## Work required:
Nothing but the pictures may be left out. Restate the rest of the entries word for word.

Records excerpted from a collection
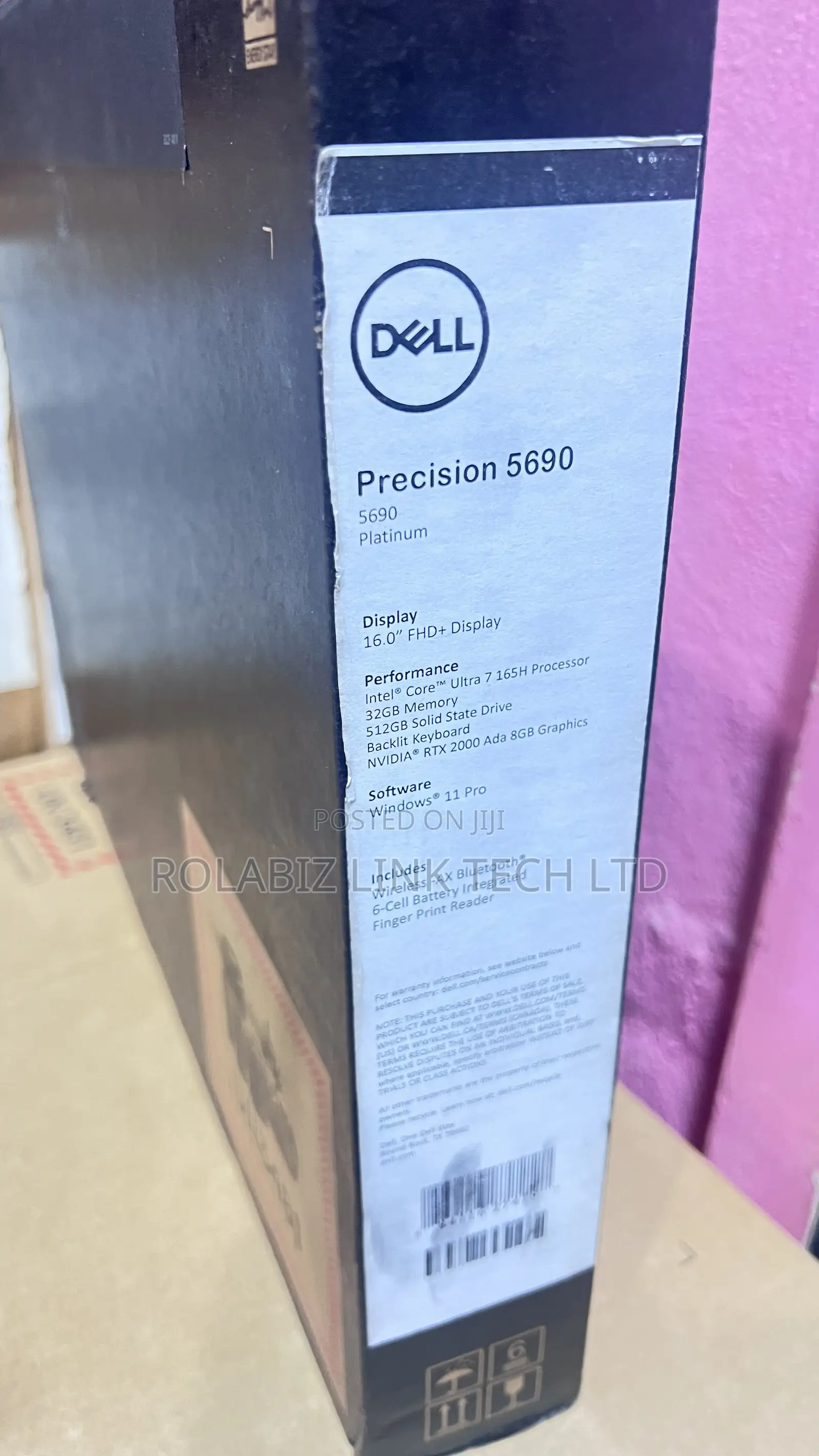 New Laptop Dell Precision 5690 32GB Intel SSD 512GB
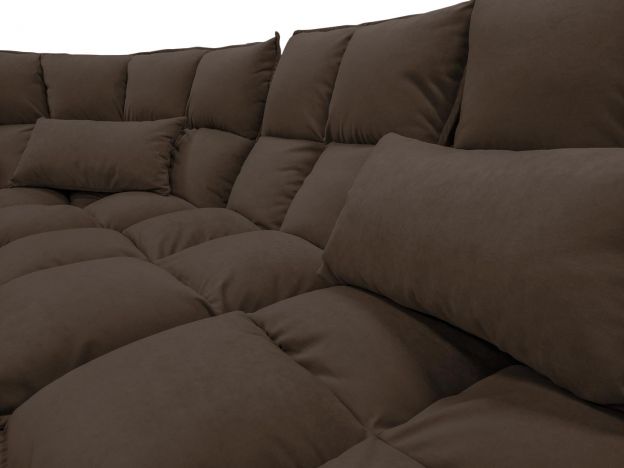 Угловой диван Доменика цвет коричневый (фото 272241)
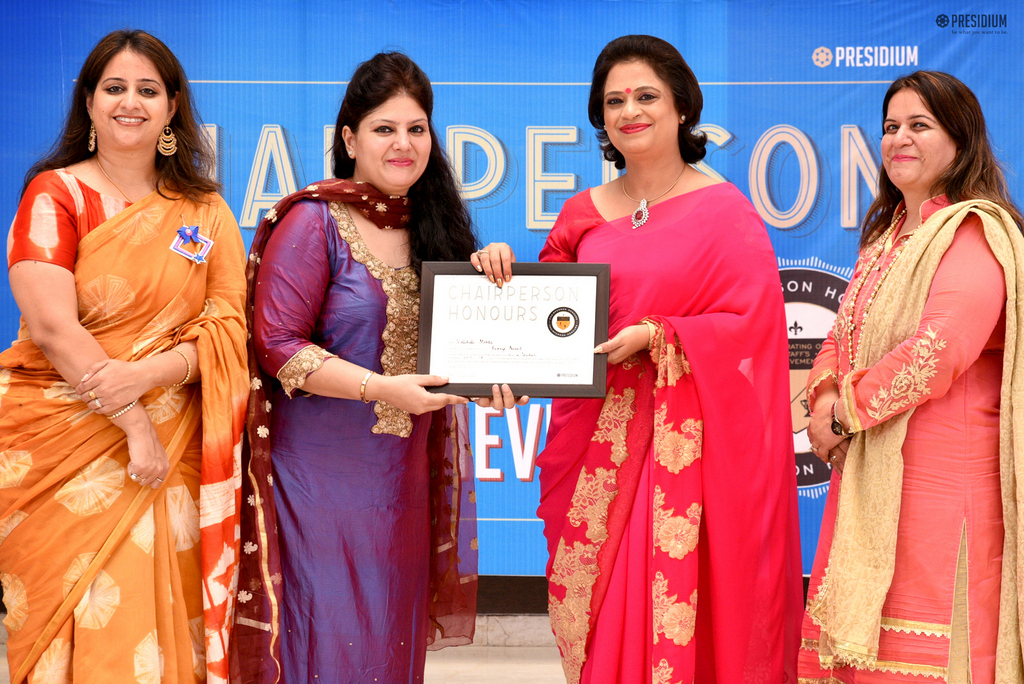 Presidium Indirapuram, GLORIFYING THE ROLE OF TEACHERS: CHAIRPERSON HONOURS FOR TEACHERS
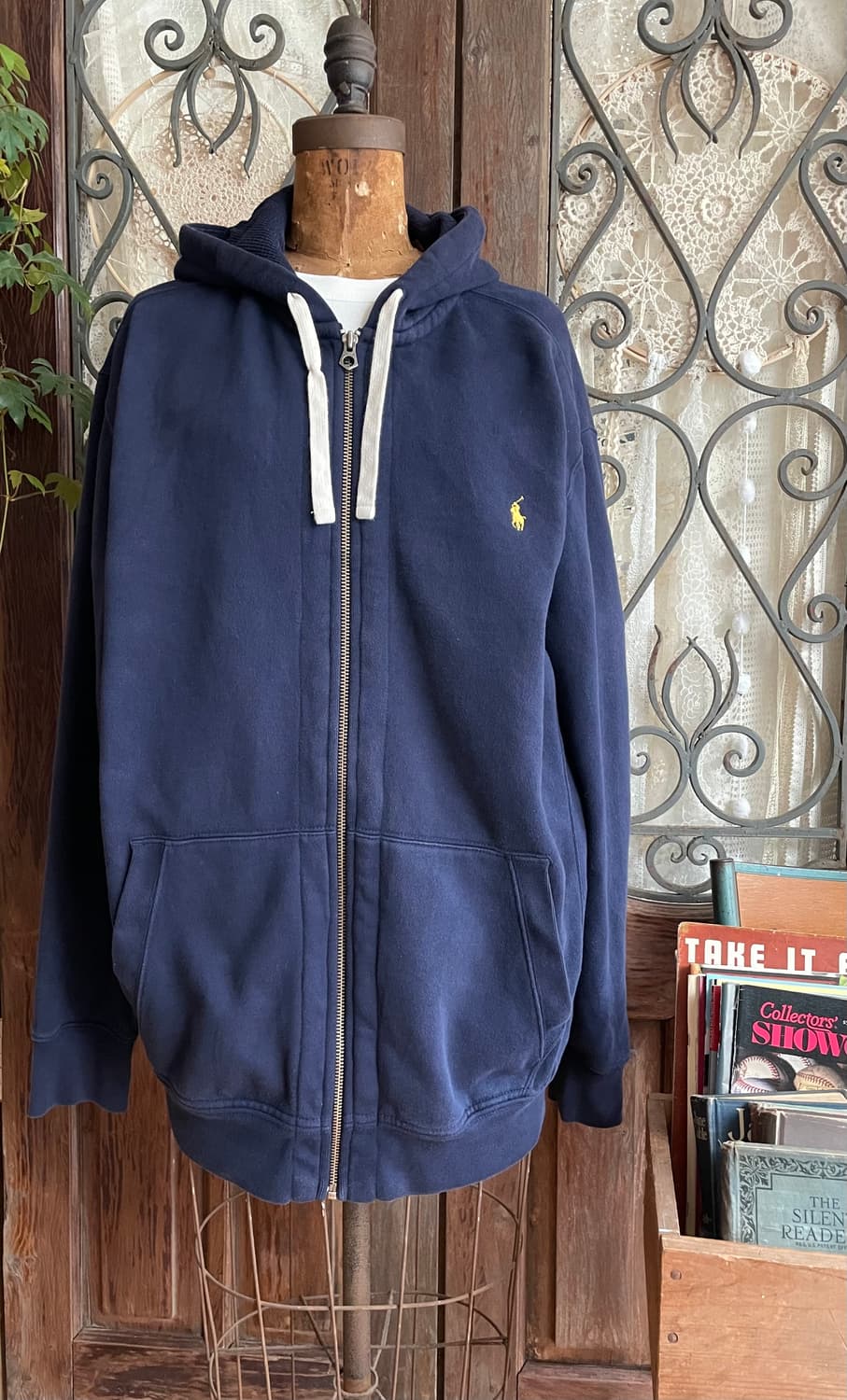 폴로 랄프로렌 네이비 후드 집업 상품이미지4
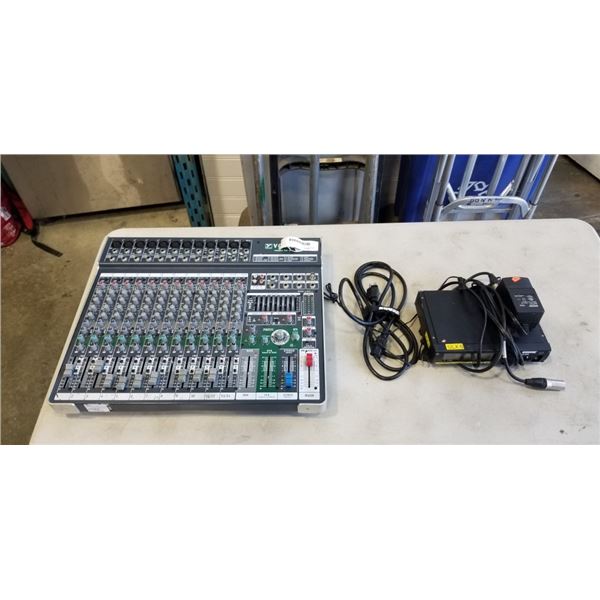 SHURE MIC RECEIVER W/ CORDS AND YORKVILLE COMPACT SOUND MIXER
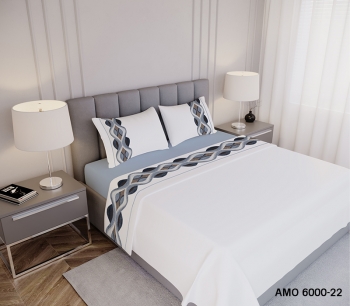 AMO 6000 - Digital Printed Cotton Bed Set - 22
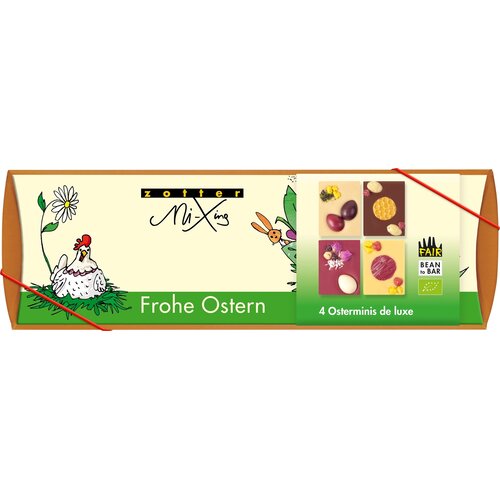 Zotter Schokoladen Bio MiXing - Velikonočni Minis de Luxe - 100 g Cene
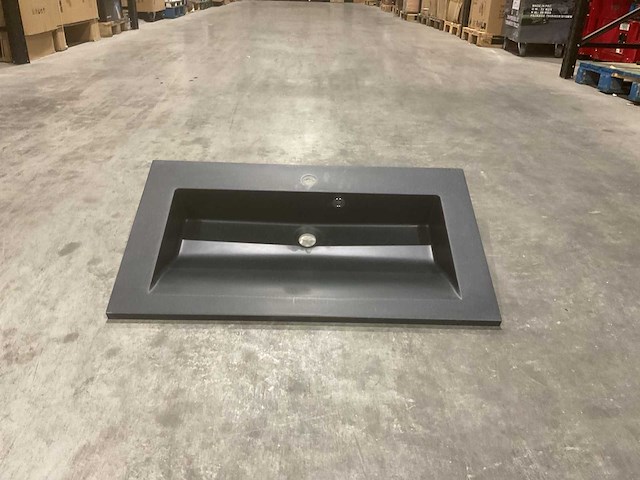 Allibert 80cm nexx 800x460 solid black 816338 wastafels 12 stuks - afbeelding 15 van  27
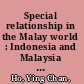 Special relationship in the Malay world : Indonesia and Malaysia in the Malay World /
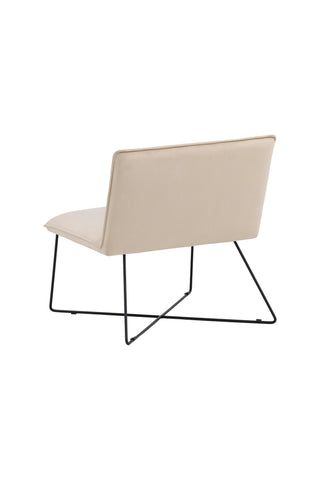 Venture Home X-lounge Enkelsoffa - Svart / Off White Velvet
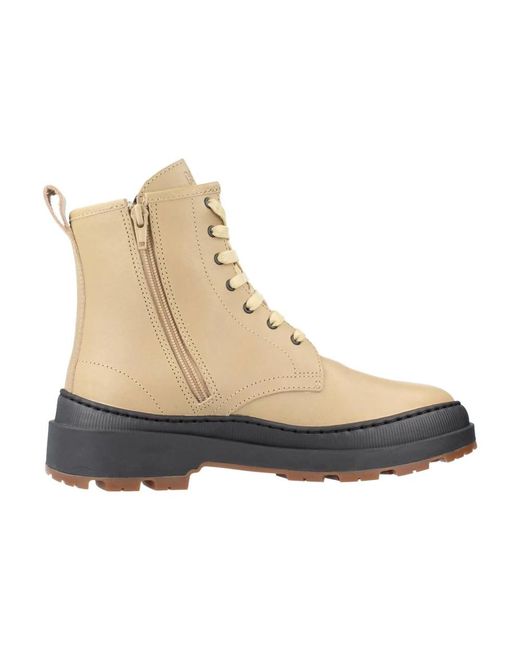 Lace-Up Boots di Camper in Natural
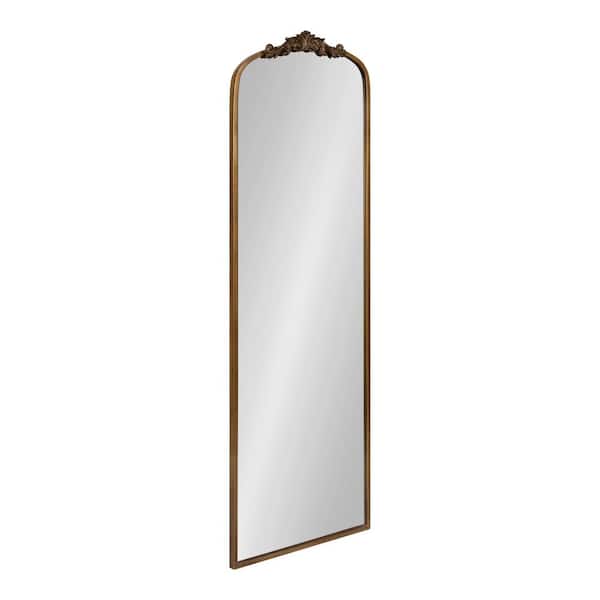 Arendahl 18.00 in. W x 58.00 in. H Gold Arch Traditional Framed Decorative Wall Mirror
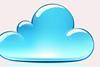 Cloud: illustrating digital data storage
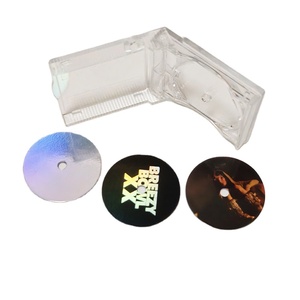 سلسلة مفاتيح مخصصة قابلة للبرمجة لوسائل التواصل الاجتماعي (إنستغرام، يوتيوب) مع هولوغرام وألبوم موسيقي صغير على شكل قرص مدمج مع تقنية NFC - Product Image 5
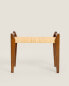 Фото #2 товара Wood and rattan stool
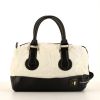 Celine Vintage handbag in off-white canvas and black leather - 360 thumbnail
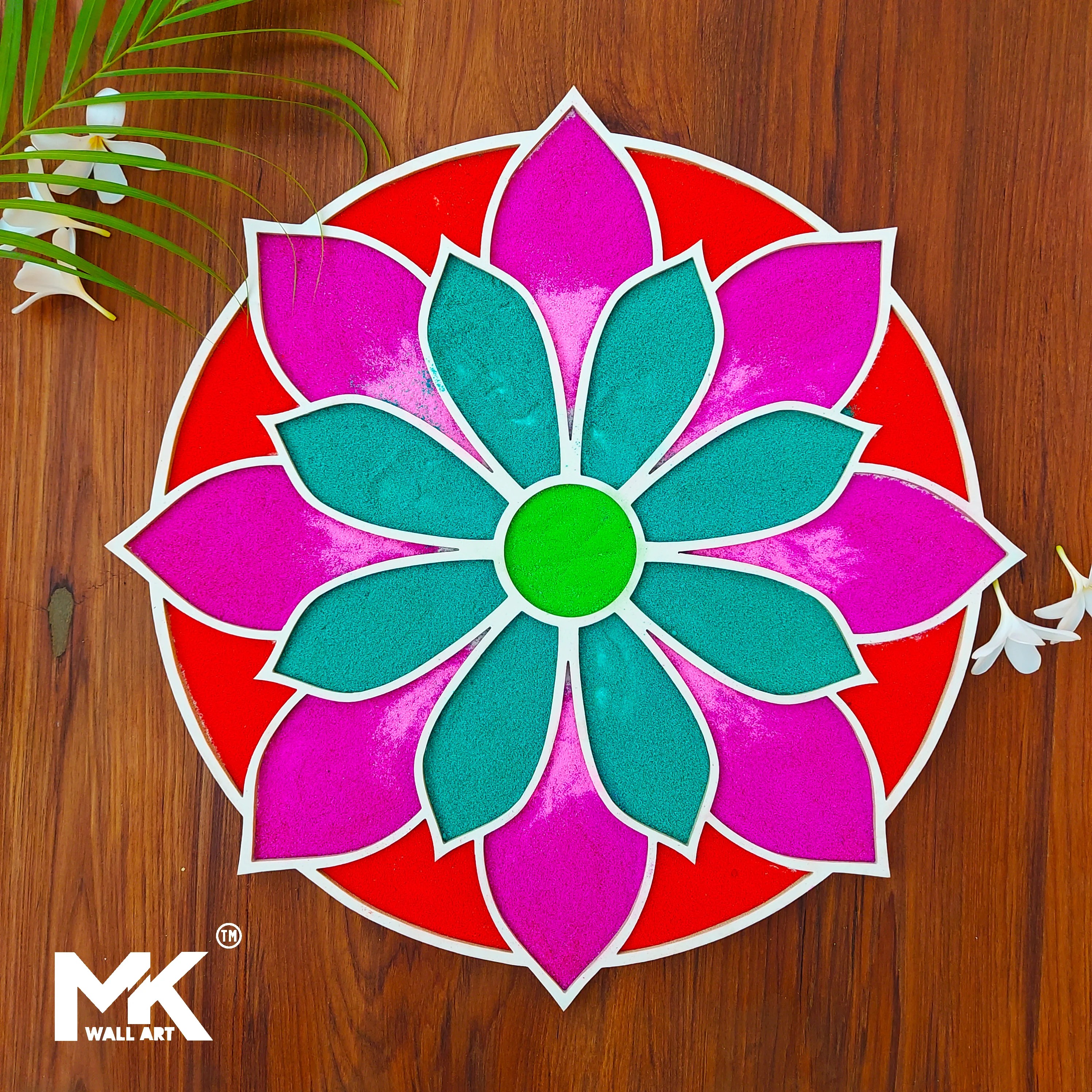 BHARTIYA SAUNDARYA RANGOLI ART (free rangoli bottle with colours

## Answer box:
 New Laptop Dell Precision 5690 32GB Intel SSD 512GB
 Угловой диван Доменика цвет коричневый (фото 272241)
 Presidium Indirapuram, GLORIFYING THE ROLE OF TEACHERS: CHAIRPERSON HONOURS FOR TEACHERS
 폴로 랄프로렌 네이비 후드 집업 상품이미지4
 SHURE MIC RECEIVER W/ CORDS AND YORKVILLE COMPACT SOUND MIXER
 AMO 6000 - Digital Printed Cotton Bed Set - 22
 Zotter Schokoladen Bio MiXing - Velikonočni Minis de Luxe - 100 g Cene
 Allibert 80cm nexx 800x460 solid black 816338 wastafels 12 stuks - afbeelding 15 van  27
 Special relationship in the Malay world : Indonesia and Malaysia in the Malay World /
 Venture Home X-lounge Enkelsoffa - Svart / Off White Velvet
 Lace-Up Boots di Camper in Natural
 Arendahl 18.00 in. W x 58.00 in. H Gold Arch Traditional Framed Decorative Wall Mirror
 Cloud: illustrating digital data storage
 سلسلة مفاتيح مخصصة قابلة للبرمجة لوسائل التواصل الاجتماعي (إنستغرام، يوتيوب) مع هولوغرام وألبوم موسيقي صغير على شكل قرص مدمج مع تقنية NFC - Product Image 5
 Фото #2 товара Wood and rattan stool
 Celine Vintage handbag in off-white canvas and black leather - 360 thumbnail
 BHARTIYA SAUNDARYA RANGOLI ART (free rangoli bottle with colours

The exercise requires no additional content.